The third session gazes at film as a place from which to dismantle the idea of one sole history and one sole time. From a decolonial and queer perspective, it explores films which break the straight line of past-present-future, which mix memories, slow progress and leave space for rhythms which customarily make no room for official accounts. Here the images open cracks through which bodies, voices and affects appear, disrupting archive and questioning who narrates, and from where and for whom. The proposal is at once simple and ambitious: use film to imagine other modes of remembering, belonging and projecting futures we have not yet been able to live.

Thinking with African Guernica by Dumile Feni
Wednesday 25, March 2026 - 7p.m.
Curator Tamar Garb brings together a panel of specialists from different disciplines, ranging from Art and Social Anthropology to African Studies and the History of violence, on the occasion of the first edition of the series History Doesn’t Repeat Itself, but It Does Rhyme, starring African Guernica (1967) by Dumile Feni (Worcester, South Africa, 1942 – New York, 1991). The aim of this meeting is to collectively reflect on the points of convergence between the works of both Pablo Picasso and the South African artist.
African Guernica is the monumental drawing created by Dumile Feni in the 1960s. The piece is being shown for the first time outside South Africa, in dialogue with Picasso’s Guernica (1937). This provocative physical encounter invites us to consider both artworks as anti-war and anti-totalitarian manifestos, albeit relating to different places and moments.
For this panel, Siyabonga Njica presents the artistic and cultural context of 1960’s Johannesburg, contemporary to Dumile Feni’s work. Pumla Gobodo-Madikizela addresses the trauma of apartheid from both aesthetic and oneiric perspectives. Thozama April analyses the artist’s corpus in relation to archival practices and conservation. Finally, Elvira Dyangani Ose offers a reading of African Guernica through the lens of Pan-African modernity and the collapse of the centre-periphery duality.
These events, which form part of the core strands of the Public Programmes department, aim to provide deeper insight into and broaden public engagement with the Museo’s Collections and temporary exhibitions.

History Doesn’t Repeat Itself, but It Does Rhyme. Dumile Feni: African Guernica
Tuesday 24 March 2026 – 6.30p.m.
On the occasion of the exhibition History Doesn’t Repeat Itself, but It Does Rhyme. Dumile Feni: African Guernica, its curator Tamar Garb, introduced by Manuel Segade, Director of the Museo Reina Sofía, highlights the opportunities for reflection offered by the presentation at the Museum of African Guernica (1967), the African sibling to Pablo Picasso’s emblematic painting. The event concludes with the live premiere of a musical composition created especially for this event by the South African artists Philip Miller and Tshegofatso Moeng.

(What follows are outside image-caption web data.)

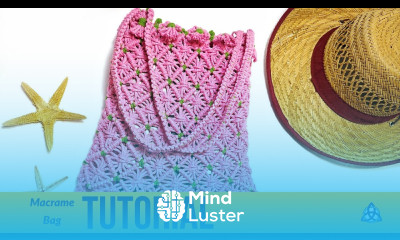 Macrame Beach Bag DIY Macrame Magic Knots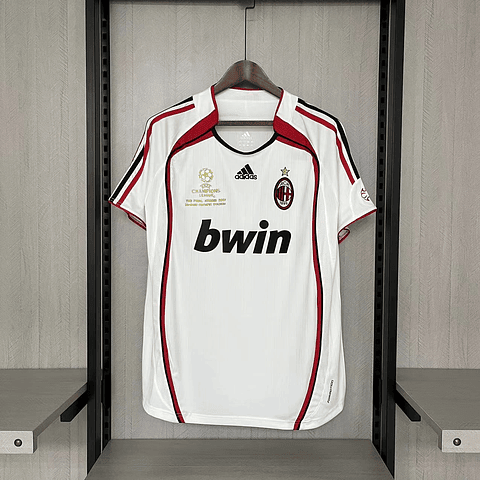 Camisola alternativa Ac Milan 2006/2007 Final Champions League - Versão adepto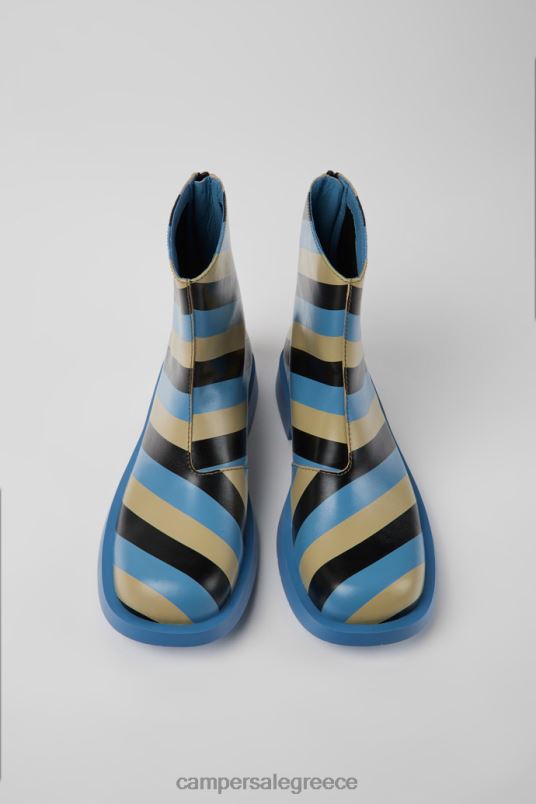 mil 1978 πολύχρωμα δερμάτινα μποτάκια για άνδρες νέες παραλαβές Camper V20TF1387 πολύχρωμος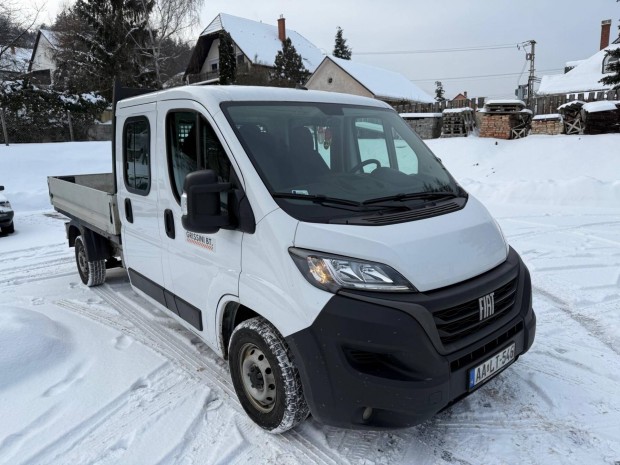 Fiat Ducato 2.2 Mjet LWB 3.5 t plat�s. duplakab...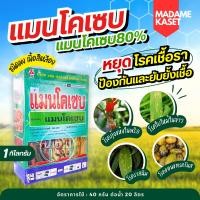 ราคา แมนโคเซบ 80%ป้องกันเชื้อราใบไหม้และใบจุด โรคแอนแทรคโนส ราสนิม ราน้ำค้าง โรคกุ้งแห้งในพริก 1 กิโลกรัม (เนื้อสีเหลือง) (26924369483)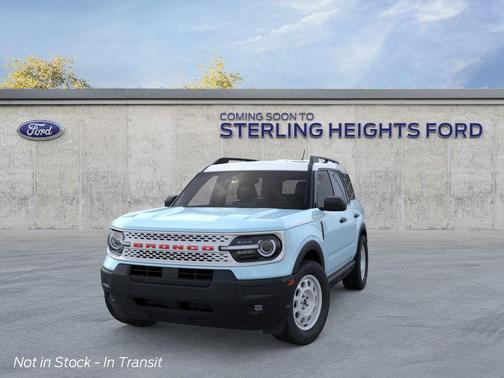 2025 Ford Bronco Sport Heritage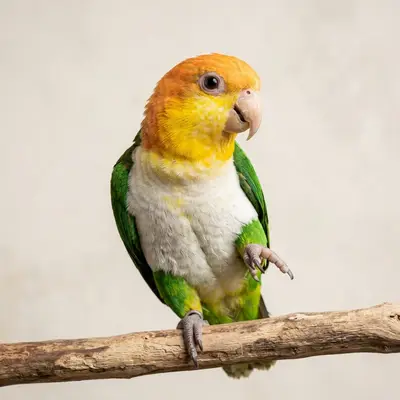 Kaikuş Papağanı (Caique)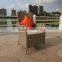 patio cafe bistro table and chair set/ tea table and chair set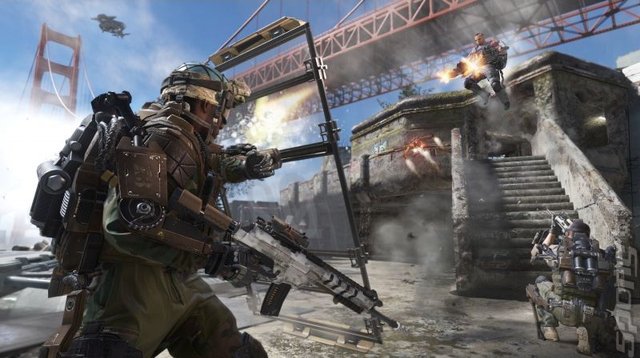 Call of Duty: Advanced Warfare - PC Screen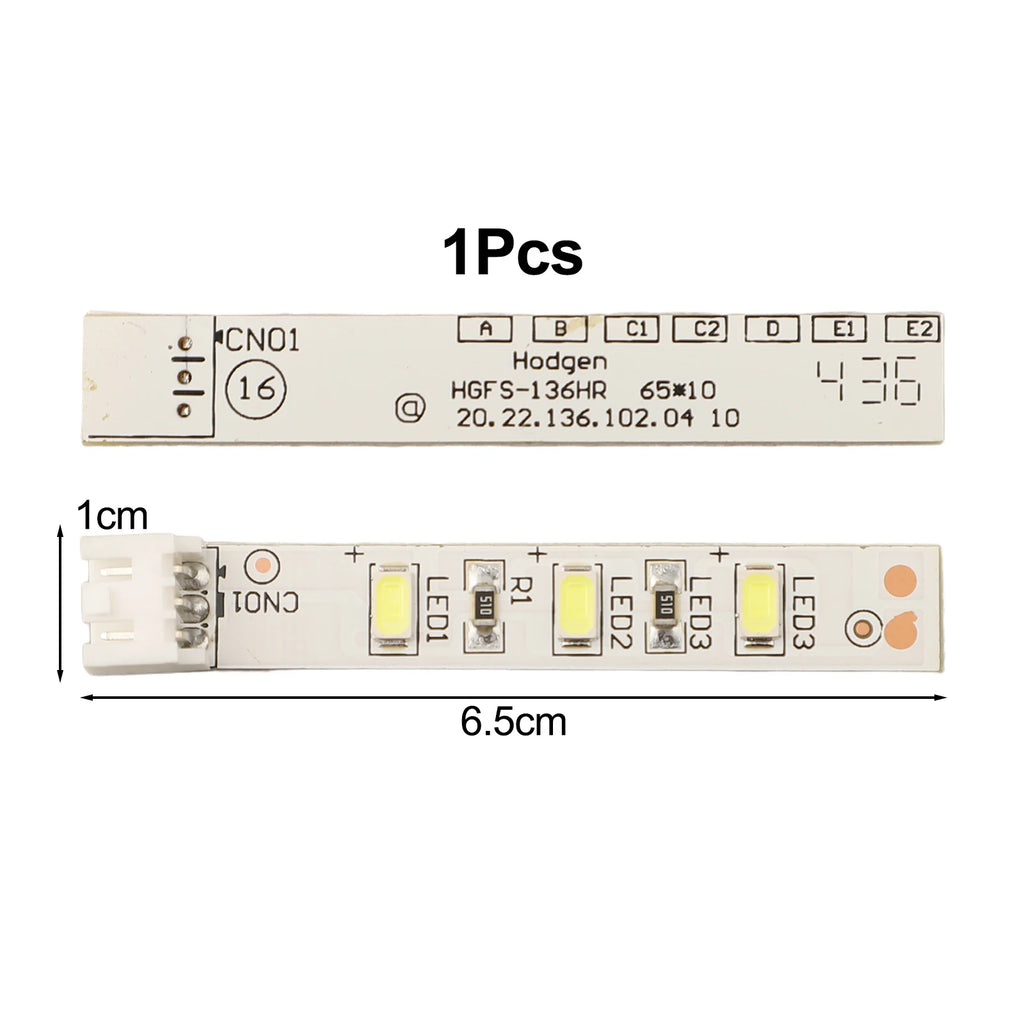 12V Refrigerator Light DA41-00519R Replacement Samsung LED Panel Home Qme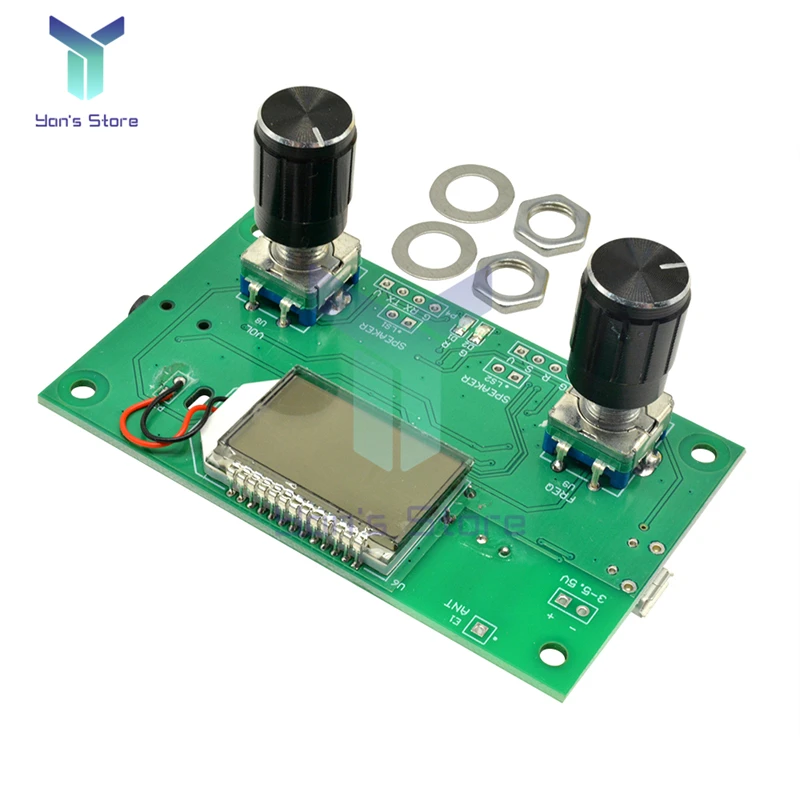 Модуль приемника FM-радио модуляция частоты 87-108 МГц плата приема стерео с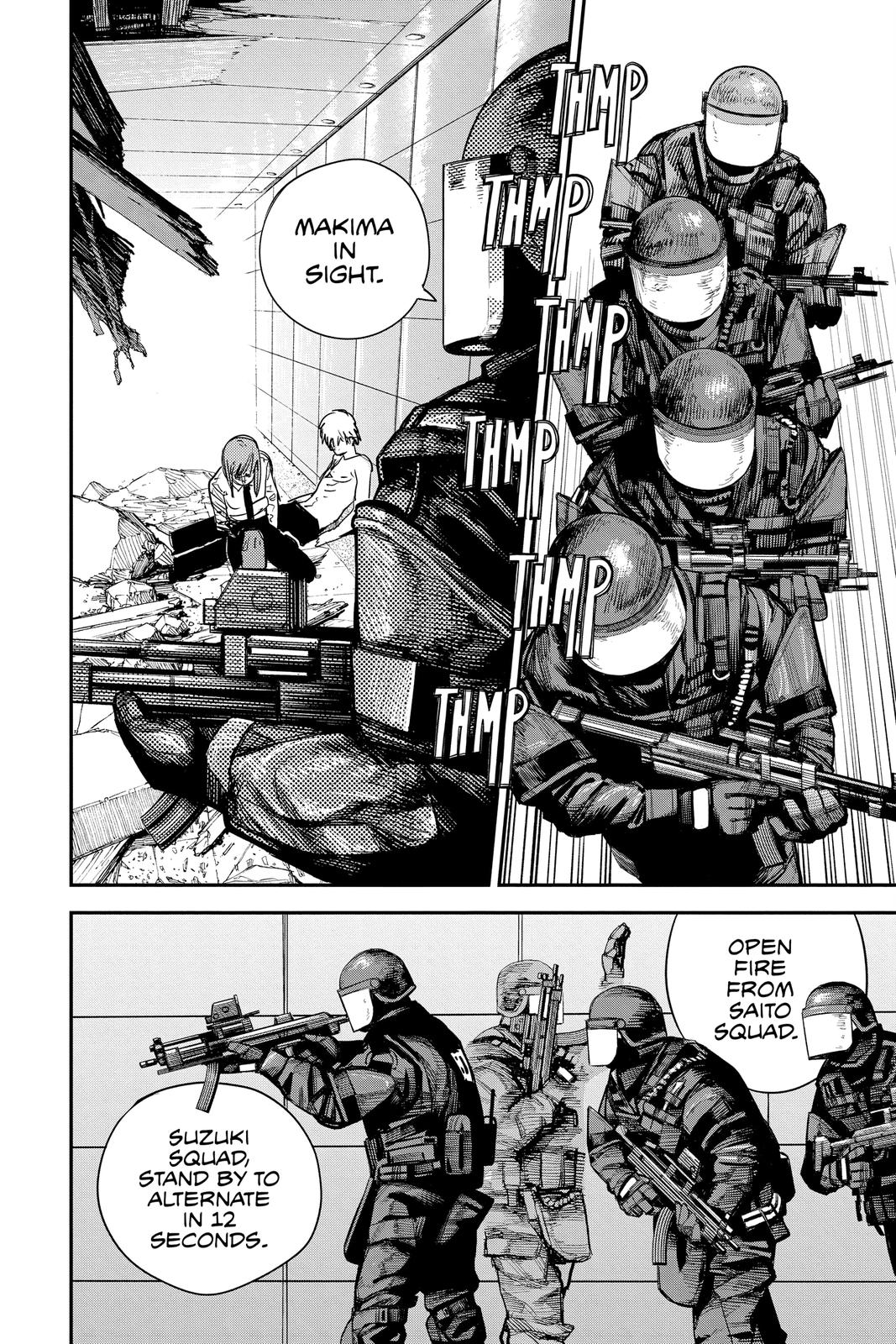 Chainsaw Man Chapter 83 page 5 - Chapter 83: Death, Resurrection, Chainsaw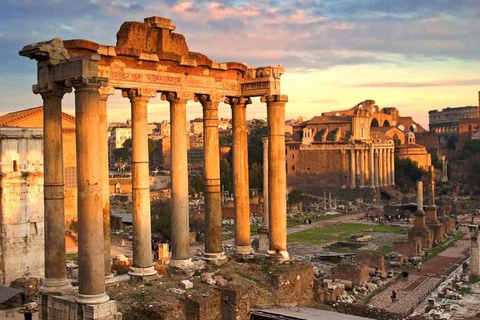 Rome: Colosseum, Forum &amp; Palatine Hill with Audio GuideExperience with Arena Access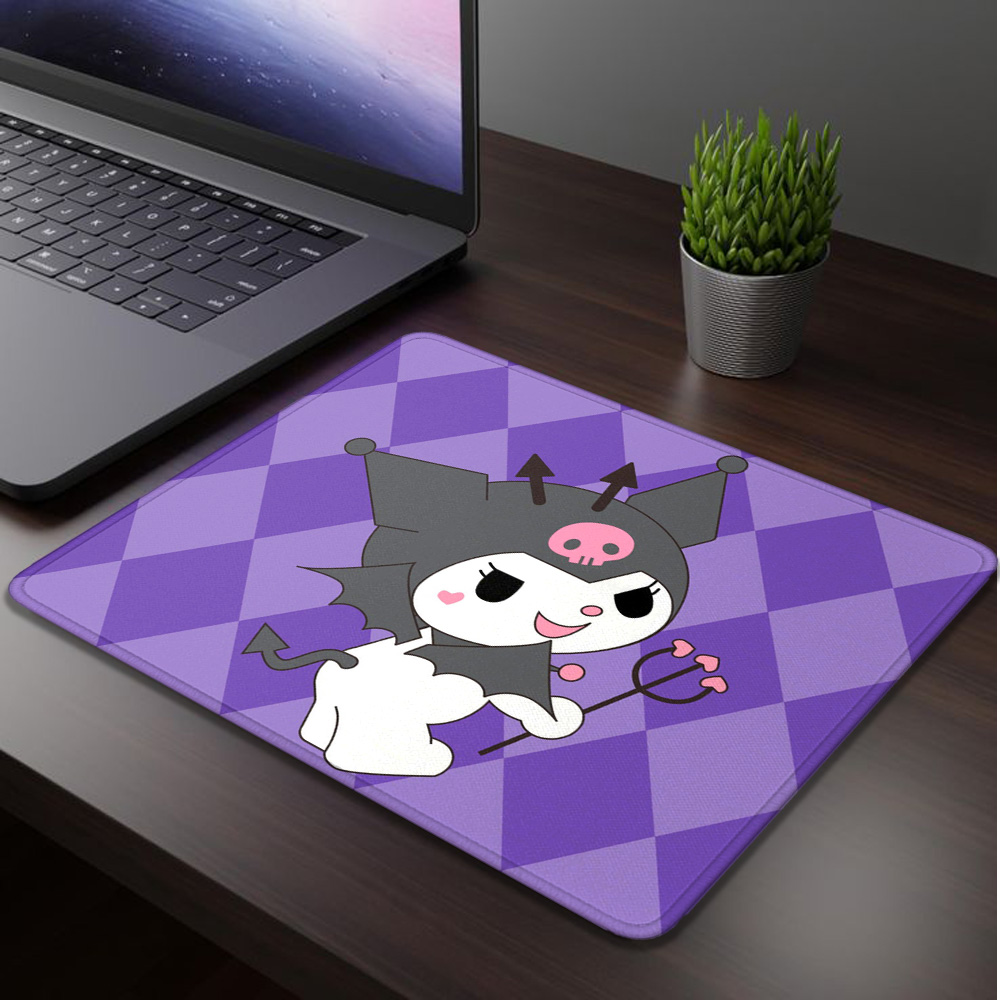 Pc Gaming Kuromi - Alas Mouse Kecil K-kuromie Alas Mouse
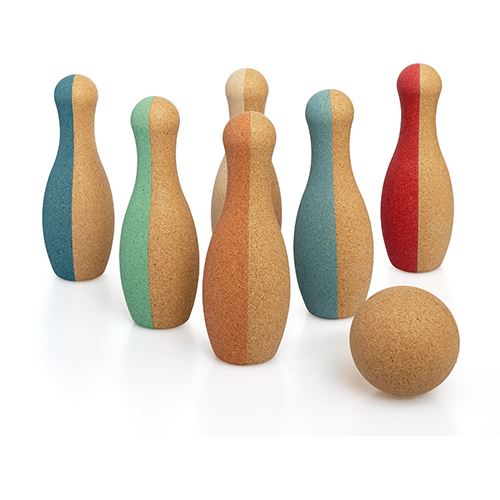 Jogo de Bowling em Cortiça - Nature & Decouvertes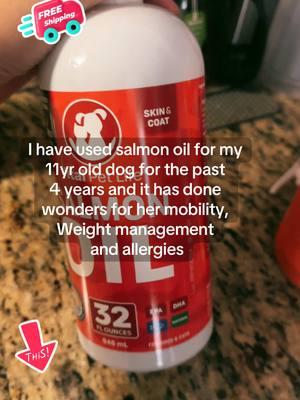 Vital pet life salmon oil has done wonders for my dogs mobility and allergies. I have used it along with zesty years before buying it on tiktok and it has been amazing! My dog is extremely picky and THESE TWO BRANDS is highly recommended from me. #vitalpetlife #vitalpetlifewildsalmonoil #dog #dogsoftiktok #dogdiet #dogskincare #dogallergies  #salmonoilfordogs #dogmom #dogtok #tiktokshopholidayhaul #foryoupage 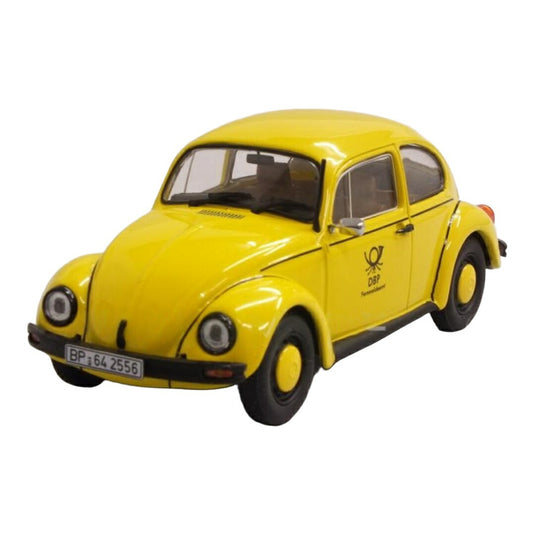 VWフォルクスワーゲン 1200 1977 ドイチェ・ブンデスポスト イエロー / MINICHAMPS 1/43 ミニカー
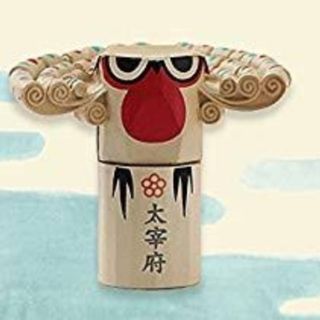 カイヨウドウ(海洋堂)の海洋堂×中川政七商店　日本全国　まめ郷土玩具蒐集　第1弾　福岡県・うそ(その他)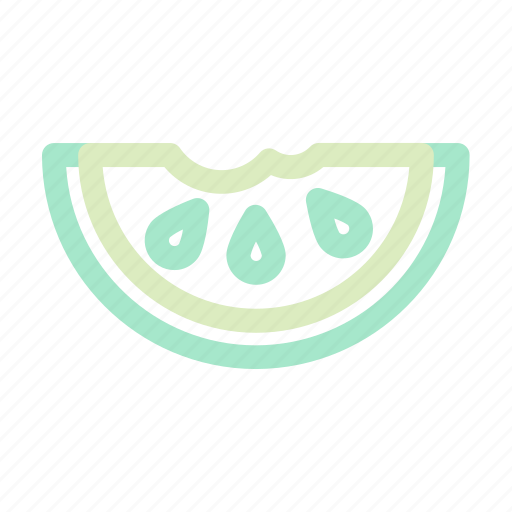 Healthy, summer, slices, fruit, watermelon icon - Download on Iconfinder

African Guernica, the monumental drawing produced by the South African artist Dumile Feni (Worcester, South Africa, 1942 – New York, 1991) in the 1960s, is presented for the first time outside South Africa in dialogue with Picassos’s Guernica (1937). Dumile Feni’s work is deeply connected to its place of origin, emerging from the context of state violence and institutionalised racial oppression under apartheid. Viewing both artworks side by side makes it possible to consider their shared references and strategies, their similarities and synergies, as well as the formal and figurative differences that largely result from their geographical and temporal separation.
The musical composition by Philip Miller and Tshegofatso Moeng intends to establish a parallel dialogue between traditional South African sounds and the classical repertoire for strings, voice and wind instruments. A full ensemble of performers from South Africa and Spain has been brought together for this purpose.
These inaugural conversations, which form part of the core strands of the Public Programmes Department, aim to explore in depth the content of the exhibitions organised by the Museo from the perspective of artists, curators and specialists.